Wed, April 01

Editorial: Coaching track without a track all in day’s work for John O’Donnell

For the Mingus Union High School track and field program, the issue always has been “the track.”

For years, that was the repeated rallying cry for an all-weather surface track at Mingus.

John O’Donnell died July 22. A celebration of this life well lived will take place Thursday at 5 p.m. in the cafeteria of Mingus High.

The high school administration and school board delayed and dodged that one for years. Instead, someone came up with the grand idea to overlay the old dirt track with pulverized granite.

At least once a year, usually with a donation of labor and materials, one of the Mulcaire brothers would lay out a new load of crushed granite on the track. Once the job was finished, the track looked pretty good.

“Looked” being the emphasis word here. The track looked a lot better than the purpose it served as a running surface. It was murder on the kids’ legs at Mingus. Shin splints are always part and parcel to track and field. The combination of stressing a teen’s body at the same time they are growing and developing is a sure recipe for the painful malady otherwise known as shin splints. Add a crushed granite running surface to the equation and Mingus kids seemed to be worse afflicted with shin splits than any other school in Arizona.

During the Tim Foist administration, the community at long last got a state-of-the-art all-weather track at Mingus.

We were satisfied.

For a while anyway.

Nearly 10 years later, local track enthusiasts are back to whining about the track surface at Mingus Union High School. The issue now is age. All-weather running surfaces age much in the same manner that dogs do. In the first few years of a track’s life, one year of time equals about one year of surface deterioration. Beginning in about year four or five, at least by Arizona torrid heat standards, the surface wear and tear accelerates. By year seven or eight, you begin to see black foundational material interspersed with the red top surface. That’s a sure sign that it’s time for a new surface.

Ironically, all this talk about having a decent track surface probably always brought a smile to the face of the greatest track coach in Mingus history, John J. O’Donnell, who died July 22.

That’s because during the years Coach O’Donnell developed the Mingus team into one of the most formidable programs in Northern Arizona, Mingus didn’t have a track.

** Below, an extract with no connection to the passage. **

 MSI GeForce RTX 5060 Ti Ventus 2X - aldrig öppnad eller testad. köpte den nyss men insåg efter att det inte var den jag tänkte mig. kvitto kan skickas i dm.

When Mingus still held classes up on the mountain in Jerome, year-in and year-out Coach O’Donnell put together teams that were as good as any small school in the state. That despite the fact that Mingus athletes never had their own track to practice on.

One of the best during that era was distance ace Mike McFadden. The 1974 state champion at two miles, McFadden regularly ran against two of the best, yet dramatically diverse, distance runners in Arizona history. In two-mile showdowns with Snowflake’s legendary Art Redhair, McFadden had to deal with Redhair’s nightmarish front-running tactics. Stepping down to the mile, he had to contend with Dysart speed merchant Danny Moreno, who was content to let other runners do all the work and then make it a footrace over the last 200 meters.

Despite not being able to do timed repeat work on a track, McFadden still was able to contend with the different pacing tactics he was confronted with. He held Mingus’ school record at 3200 meters (in his day it was two miles) for 35 years.

Another great runner from Mingus’ no-track era was Duane Badger, who years later would follow in O’Donnell’s shoes and serve as the Mingus head track coach. He was one of the best in the state over 400 meters (440 yards) in his era. He held the Mingus school record in the event for nearly four decades.

Robert Melton, Kim Tabeling and Al Pender were among many other Mingus runners who were among the best in Arizona during the years Mingus did not have a track.

Coach O’Donnell was also on the forefront of the introduction of girls track and field in Arizona in the mid-1970s. As the reality of federal Title IX requirements began to trickle down to high schools across the nation, the boys-only stranglehold on track and field was broken and girls were allowed to compete.

Not without some grinding of teeth from a lot of old-guard coaches. In fact, many of them insisted on having a separate women’s coach and separate practices. A boys team. A girls team. Segregation at its finest.

It wasn’t that way at Mingus. Coach O’Donnell embraced the opportunity to launch a girls program at Mingus. Further, he treated the boys and girls squads as one team. They were all athletes. They trained together. They traveled together. They were one team. One of the athletes from those earliest girls teams at Mingus, Jennifer Graham, is still regarded as one of the finest track and field athletes in Mingus history. She still owns school records that have been on the books for four decades in both the long jump and discus.

Years after he retired as the Mingus track and field and cross country coach, O’Donnell was still a familiar face on the Mingus track. When the various evolving coaching staffs at Mingus would discover a gap in collective coaching acumen, someone invariably would suggest calling John O’Donnell. One day later, he would show up for practice teaching the intricacies of high jump and triple jump technique or the high-wire act otherwise known as sprint relay handoffs. Not only would O’Donnell accelerate the learning curve of these disciplines with Mingus athletes, he would also serve as a teacher to young coaches and share the knowledge, and wisdom, that can only be gained by passionately giving yourself to the sport for several decades.

John O’Donnell died July 22. A celebration of this life well lived will take place Thursday at 5 p.m. in the cafeteria of Mingus High.